У инспектора, Виктора Силантьевича, в семье было два сына-подростка и жена Аграфена – полная одутловатая женщина болезненной внешности, наподобие матери Ивана в последний год её жизни. Тем не менее, Аграфена оказалась бойкой и смешливой хозяйкой с легким характером, что всегда нравилось Ивану в женщинах.

Мужчины поговорила о делах, Иван поделился планами насчет учебы, что Виктор Силантьевич горячо одобрил, посоветовав идти учиться в учительский институт в городе Вильне, чтобы потом вернуться сюда, в Оршу преподавателем учительских курсов, а потом можно и в Петербург махнуть наудачу, если семья не будет обременять.

– Я вот, обзавелся семейством и врос здесь в землю, будто старый пень, а ведь тоже собирался в Петербург искать счастья в науке. Но нисколько теперь не жалею о том: есть жена-хохотушка, сыновья подрастают, служба идет исправно, имею классный чин и будет хорошая пенсия: что еще надо мужчине в возрасте? Пусть юноши, вроде вас, Иван Петрович, пытают судьбу, норовя ухватить жар-птицу удачи за хвост.

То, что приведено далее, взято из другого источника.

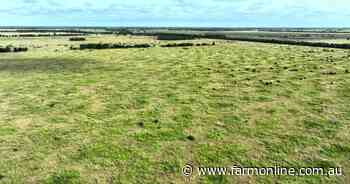 Quality Western Downs country for breeders, backgrounders for sale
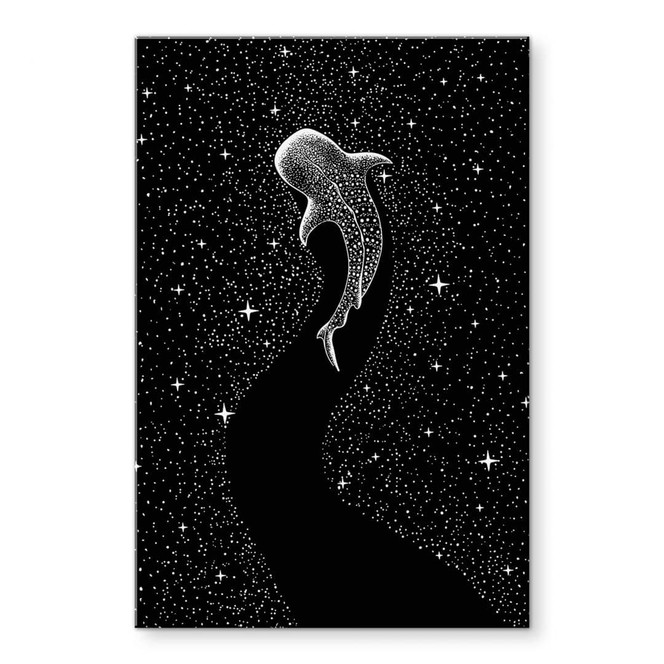 Acrylglasbild Walhai im Ozean der Sterne - Cakir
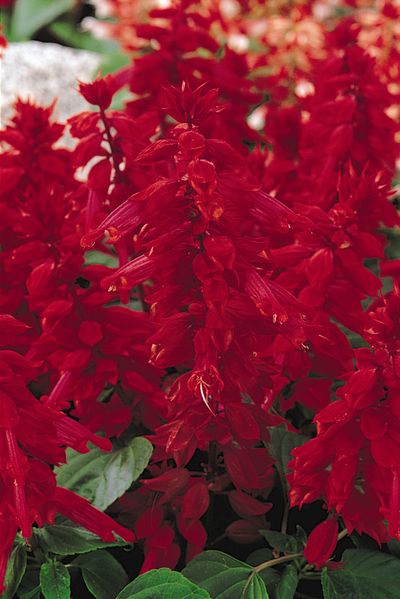 Salvia (Salvia 'Vista Burgundy')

Войдете в возраст, Иван Петрович, и поймете, что нет лучше ничего на свете, чем семья, в которой лад и покой обретаются. А вам, конечно, можно еще и покуролесить в обретении своей судьбы и своей суженой. Небось там, в селе, уже присмотрели себе девицу – тогда прощайтесь с мечтами и становитесь обывателем – иначе будет ждать вас душевный разлад самого с собою и со своей суженой.

Сделали поступок – никогда не сожалейте о нем, если в поступке вашем нет плохого и унизительного: такова жизнь и нет в этом ничего дурного, – поучал инспектор училищ своего молодого коллегу под вниманием жены и сыновей.

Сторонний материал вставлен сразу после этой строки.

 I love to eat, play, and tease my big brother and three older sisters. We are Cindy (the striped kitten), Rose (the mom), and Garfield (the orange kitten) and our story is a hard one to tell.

Из благополучного семейства уходить не хотелось, но Ивану надумалось навестить еще и своего товарища, с которым вместе учились, ходили в эсеровский кружок и участвовали в революционных событиях пятого года, за что посидели в полицейском участке в Могилеве почти неделю: хорошо, что из училища их не исключили. Звали этого товарища Адам Шанявский, он здесь женился и остался учителем благодаря хлопотам тестя – довольно крупного, по местным меркам, лавочника.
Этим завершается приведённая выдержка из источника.